▶ **Work instruction**
The number needed is how many lines in these entries contain "yellow"; give it alone.

▶ **Given data**
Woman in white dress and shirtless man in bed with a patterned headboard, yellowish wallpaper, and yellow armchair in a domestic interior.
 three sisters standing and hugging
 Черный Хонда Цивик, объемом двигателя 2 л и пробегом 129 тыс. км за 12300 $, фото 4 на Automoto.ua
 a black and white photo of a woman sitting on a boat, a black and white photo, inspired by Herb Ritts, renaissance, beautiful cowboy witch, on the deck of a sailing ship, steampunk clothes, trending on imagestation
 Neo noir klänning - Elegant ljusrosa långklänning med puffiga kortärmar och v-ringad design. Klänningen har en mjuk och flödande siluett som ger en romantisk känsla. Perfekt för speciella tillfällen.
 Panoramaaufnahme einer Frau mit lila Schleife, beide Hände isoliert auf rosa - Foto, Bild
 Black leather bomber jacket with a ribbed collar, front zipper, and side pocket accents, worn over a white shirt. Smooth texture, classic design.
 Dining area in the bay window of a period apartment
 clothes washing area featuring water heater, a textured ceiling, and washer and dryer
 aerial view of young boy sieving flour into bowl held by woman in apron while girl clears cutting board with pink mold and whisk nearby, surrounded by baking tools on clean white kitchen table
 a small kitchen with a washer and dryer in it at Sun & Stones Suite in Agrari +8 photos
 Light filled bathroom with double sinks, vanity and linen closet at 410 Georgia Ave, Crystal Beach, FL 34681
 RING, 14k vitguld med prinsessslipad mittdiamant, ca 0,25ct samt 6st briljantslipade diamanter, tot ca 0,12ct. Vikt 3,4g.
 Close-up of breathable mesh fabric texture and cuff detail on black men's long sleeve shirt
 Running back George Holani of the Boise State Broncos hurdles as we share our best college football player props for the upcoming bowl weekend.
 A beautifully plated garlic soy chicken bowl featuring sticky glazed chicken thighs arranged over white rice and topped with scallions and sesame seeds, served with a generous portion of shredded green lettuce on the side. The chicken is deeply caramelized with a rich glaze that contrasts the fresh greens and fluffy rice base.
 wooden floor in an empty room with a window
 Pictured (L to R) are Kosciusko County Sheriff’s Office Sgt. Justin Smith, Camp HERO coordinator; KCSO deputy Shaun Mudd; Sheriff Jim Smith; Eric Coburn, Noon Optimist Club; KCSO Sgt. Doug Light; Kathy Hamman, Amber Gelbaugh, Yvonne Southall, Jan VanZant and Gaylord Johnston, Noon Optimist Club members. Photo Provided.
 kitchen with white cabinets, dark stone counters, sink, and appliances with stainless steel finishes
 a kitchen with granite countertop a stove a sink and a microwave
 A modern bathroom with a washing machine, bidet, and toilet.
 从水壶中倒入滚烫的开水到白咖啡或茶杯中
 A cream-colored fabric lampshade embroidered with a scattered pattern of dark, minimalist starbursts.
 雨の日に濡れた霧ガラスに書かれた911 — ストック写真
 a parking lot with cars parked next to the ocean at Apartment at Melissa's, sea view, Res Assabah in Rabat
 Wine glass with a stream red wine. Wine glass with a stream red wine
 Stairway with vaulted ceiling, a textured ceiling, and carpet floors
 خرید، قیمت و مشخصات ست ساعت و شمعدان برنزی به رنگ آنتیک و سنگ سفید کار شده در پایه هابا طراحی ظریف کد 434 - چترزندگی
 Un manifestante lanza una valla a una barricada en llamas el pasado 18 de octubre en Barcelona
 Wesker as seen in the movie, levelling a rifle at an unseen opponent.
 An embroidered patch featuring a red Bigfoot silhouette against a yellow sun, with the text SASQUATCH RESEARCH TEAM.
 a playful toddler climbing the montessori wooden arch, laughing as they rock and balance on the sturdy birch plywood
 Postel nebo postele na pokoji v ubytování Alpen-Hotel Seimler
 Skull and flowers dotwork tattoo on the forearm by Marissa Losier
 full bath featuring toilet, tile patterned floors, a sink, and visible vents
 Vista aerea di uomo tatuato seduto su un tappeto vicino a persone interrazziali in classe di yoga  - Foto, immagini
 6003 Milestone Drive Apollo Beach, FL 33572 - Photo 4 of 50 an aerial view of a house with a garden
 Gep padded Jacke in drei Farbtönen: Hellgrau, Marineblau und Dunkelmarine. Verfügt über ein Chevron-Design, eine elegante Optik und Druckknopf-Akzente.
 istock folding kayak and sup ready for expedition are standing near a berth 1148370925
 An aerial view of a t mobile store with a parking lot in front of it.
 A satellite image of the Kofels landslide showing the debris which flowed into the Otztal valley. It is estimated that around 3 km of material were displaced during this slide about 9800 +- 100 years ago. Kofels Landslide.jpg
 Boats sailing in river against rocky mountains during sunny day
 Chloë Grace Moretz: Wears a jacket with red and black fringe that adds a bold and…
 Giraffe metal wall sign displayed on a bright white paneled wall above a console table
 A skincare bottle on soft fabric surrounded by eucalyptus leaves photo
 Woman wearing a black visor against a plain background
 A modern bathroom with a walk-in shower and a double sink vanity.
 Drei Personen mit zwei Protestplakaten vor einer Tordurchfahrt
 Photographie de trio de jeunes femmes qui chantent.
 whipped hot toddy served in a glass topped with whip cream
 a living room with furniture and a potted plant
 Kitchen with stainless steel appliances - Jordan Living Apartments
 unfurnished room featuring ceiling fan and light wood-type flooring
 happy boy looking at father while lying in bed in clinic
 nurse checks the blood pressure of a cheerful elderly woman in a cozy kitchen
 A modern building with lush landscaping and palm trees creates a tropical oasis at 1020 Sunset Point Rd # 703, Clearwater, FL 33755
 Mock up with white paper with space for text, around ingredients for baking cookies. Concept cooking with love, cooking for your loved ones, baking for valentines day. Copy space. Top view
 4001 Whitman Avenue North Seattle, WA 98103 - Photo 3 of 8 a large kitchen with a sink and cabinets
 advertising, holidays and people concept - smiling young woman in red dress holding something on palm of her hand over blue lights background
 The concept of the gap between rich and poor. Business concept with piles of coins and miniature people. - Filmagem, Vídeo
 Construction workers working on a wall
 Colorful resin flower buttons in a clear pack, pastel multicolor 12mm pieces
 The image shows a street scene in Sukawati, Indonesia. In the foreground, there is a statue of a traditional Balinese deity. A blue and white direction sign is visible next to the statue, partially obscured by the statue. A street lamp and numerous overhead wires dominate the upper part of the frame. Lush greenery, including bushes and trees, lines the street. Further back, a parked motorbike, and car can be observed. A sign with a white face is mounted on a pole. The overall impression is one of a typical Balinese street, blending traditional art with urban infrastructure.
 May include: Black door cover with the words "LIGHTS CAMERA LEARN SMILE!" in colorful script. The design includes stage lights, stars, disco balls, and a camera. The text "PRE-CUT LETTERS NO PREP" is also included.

▶ **Answer space**
2